(Stored data)
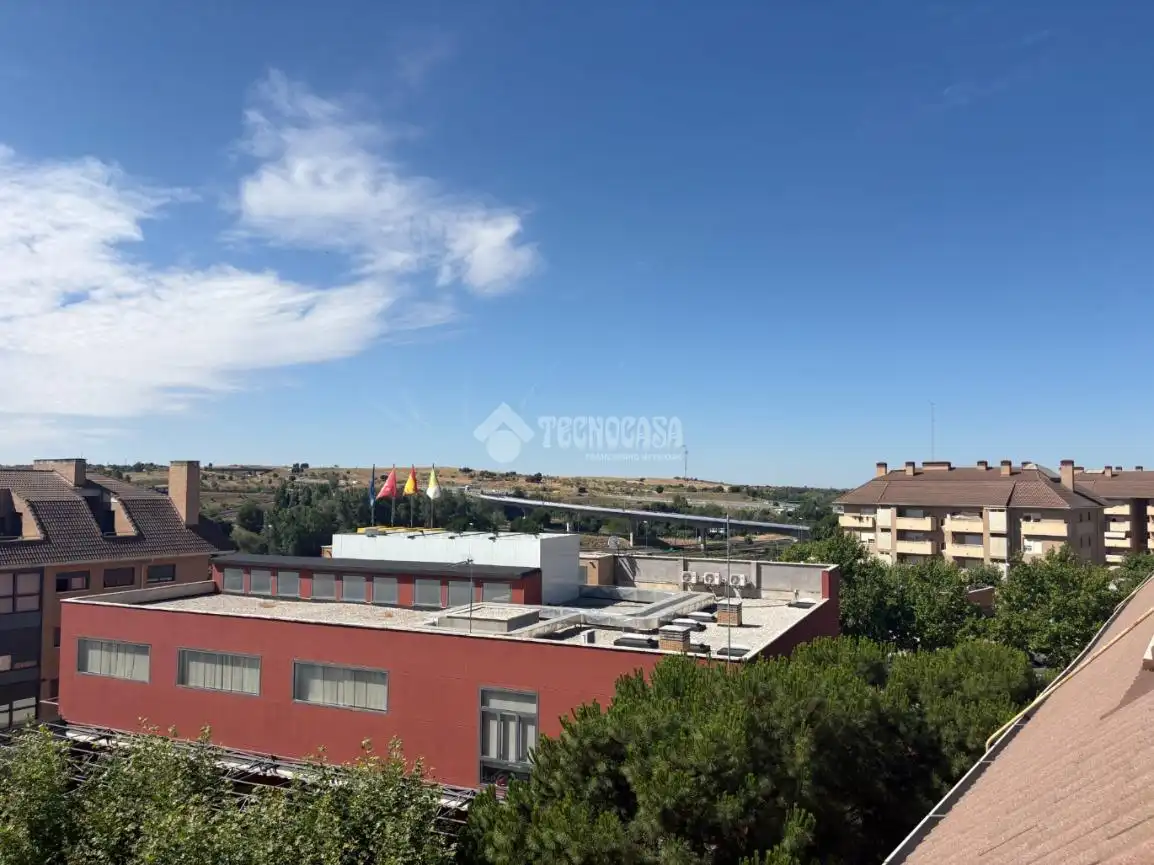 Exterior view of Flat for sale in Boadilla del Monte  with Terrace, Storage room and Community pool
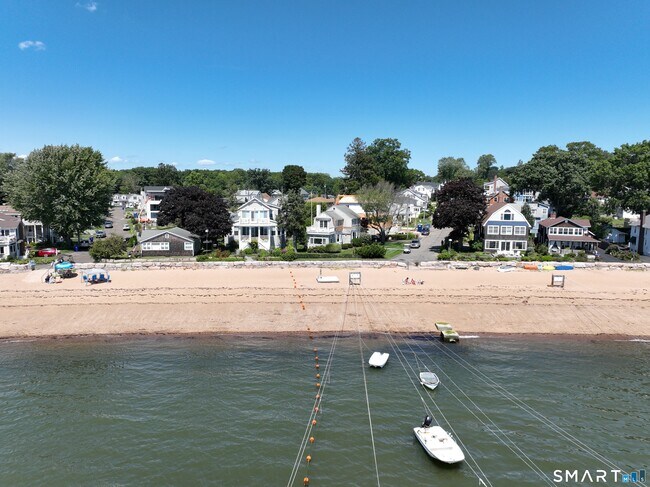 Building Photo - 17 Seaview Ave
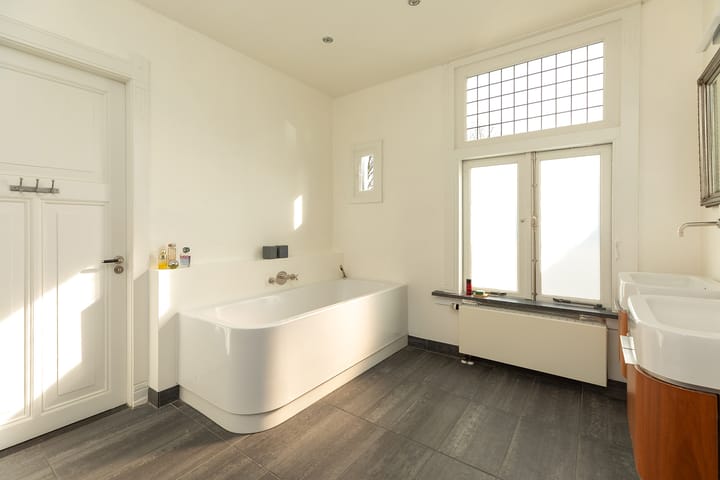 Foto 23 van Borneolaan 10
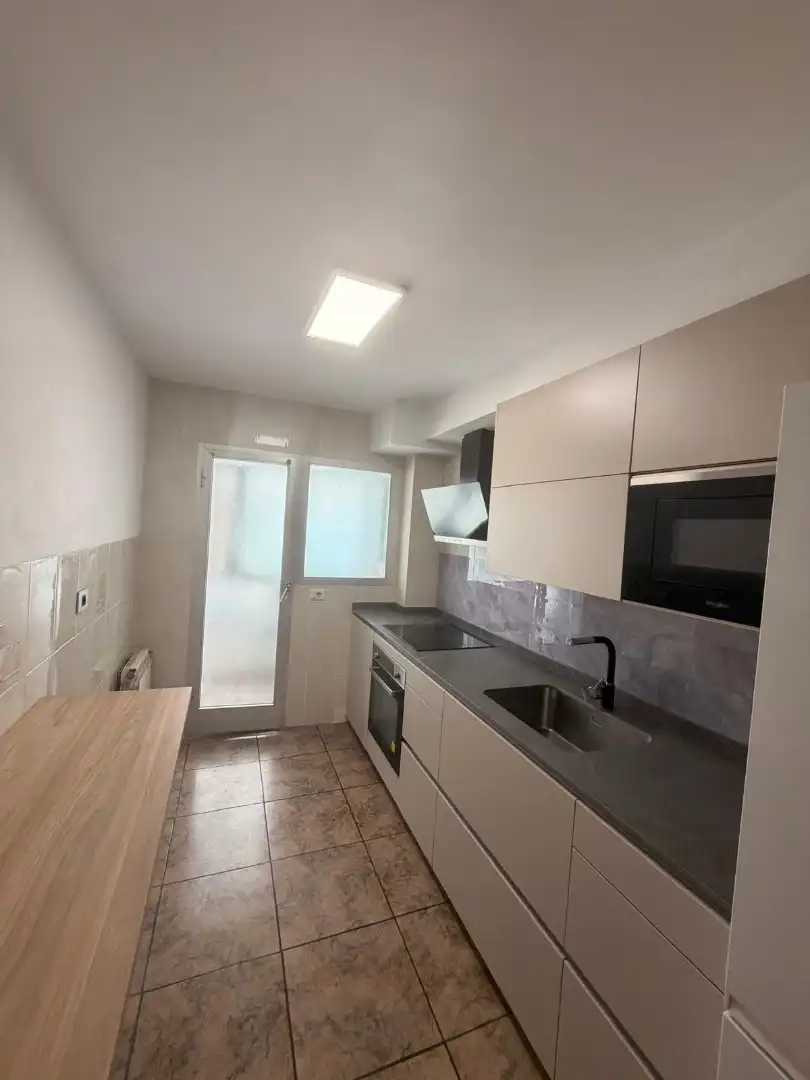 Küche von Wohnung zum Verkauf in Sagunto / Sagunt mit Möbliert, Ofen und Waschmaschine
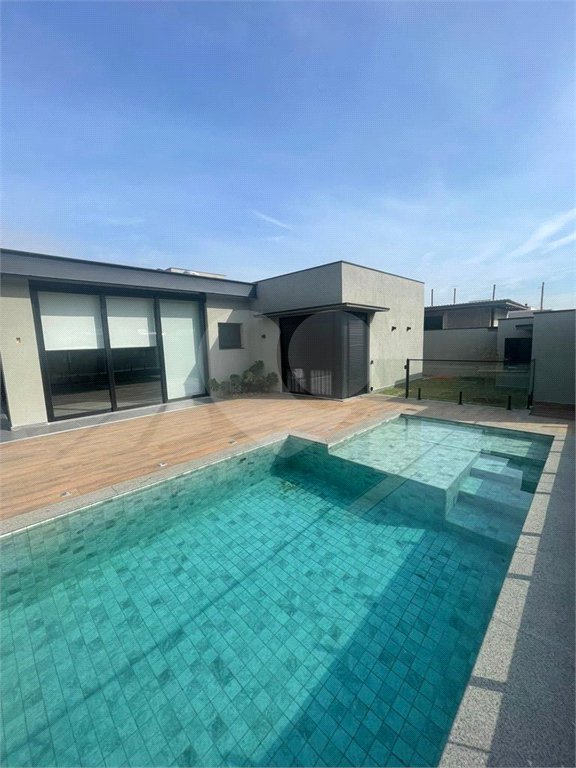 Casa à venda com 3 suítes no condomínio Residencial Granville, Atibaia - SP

*PROBLEM TO SOLVE*: Each entry must be retyped word for word, with every image omitted.

*ANSWER SPACE*:
 Exterior view of Flat for sale in Boadilla del Monte  with Terrace, Storage room and Community pool
 Building Photo - 17 Seaview Ave
 Foto 23 van Borneolaan 10
 Küche von Wohnung zum Verkauf in Sagunto / Sagunt mit Möbliert, Ofen und Waschmaschine
 Casa à venda com 3 suítes no condomínio Residencial Granville, Atibaia - SP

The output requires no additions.